Argentinian feminist, activist and journalist (1929–2024)

Ilse Fusková Kornreich (11 June 1929 – 27 June 2024) was an Argentine activist, lesbian-feminist, and journalist.

Fuskova was the first woman who came out and openly declared that she was a lesbian on Argentine television. This occurred in 1991 when TV host Mirtha Legrand invited Fuskova to participate in one of her televised lunches. It was said to be the most-watched show of the year. Fuskova was married and had three children.
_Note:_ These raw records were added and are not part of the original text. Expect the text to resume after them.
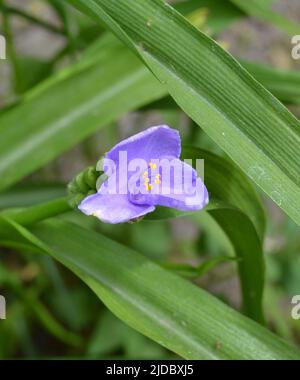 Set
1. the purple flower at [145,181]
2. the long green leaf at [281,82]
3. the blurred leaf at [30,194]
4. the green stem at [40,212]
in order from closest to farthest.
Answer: the purple flower at [145,181]
the green stem at [40,212]
the long green leaf at [281,82]
the blurred leaf at [30,194]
In 1984, she separated and in the following year, began a lesbian-feminist movement. She was co-editor of Cuadernos de Existencia Lesbiana (Journal of the Lesbian Existence) with Adriana Carrasco, the first issue released 8 March 1987. In the 1990s, she joined Gays por los Derechos Civiles (Gays for Civil Rights) with Carlos Jáuregui. She was instrumental in organizing lesbian, gay, and the first trans activists to develop the first Marcha del Orgullo LGBT de Buenos Aires (Lesbian-Gay Pride Parade) in June 1992. For 20 years, she was in a relationship with Claudina Marek, who is also active in lesbian activism. Together, they published in 1994, a conversation with Silvia Schmid, the book Amor de mujeres. El lesbianismo en la Argentina, hoy (Love of women. Lesbianism in Argentina, today). " Fuskova was honored at the "Primer Encuentro Nacional de Mujeres Lesbianas y Bisexuales de Rosario" (First National Women's Lesbian and Bisexual of Rosario) in 2008.

In later years, she focused on environmentalism and was in a relationship with a gay man. In 2015, she was declared Citizen of the City of Buenos Aires by the Buenos Aires Legislature. Fuskova died on 27 June 2024, at the age of 95.

==Selected works==
- Amor de mujeres : el lesbianismo en la Argentina, hoy (with Claudina Marek, 1994). ISBN 978-950-742-568-4.

==Bibliography==
- Bergmann, Emilie L. (1995). "Entiendes?: Queer Readings, Hispanic Writings"
- Díez, Jordi (2015). "The Politics of Gay Marriage in Latin America: Argentina, Chile, and Mexico"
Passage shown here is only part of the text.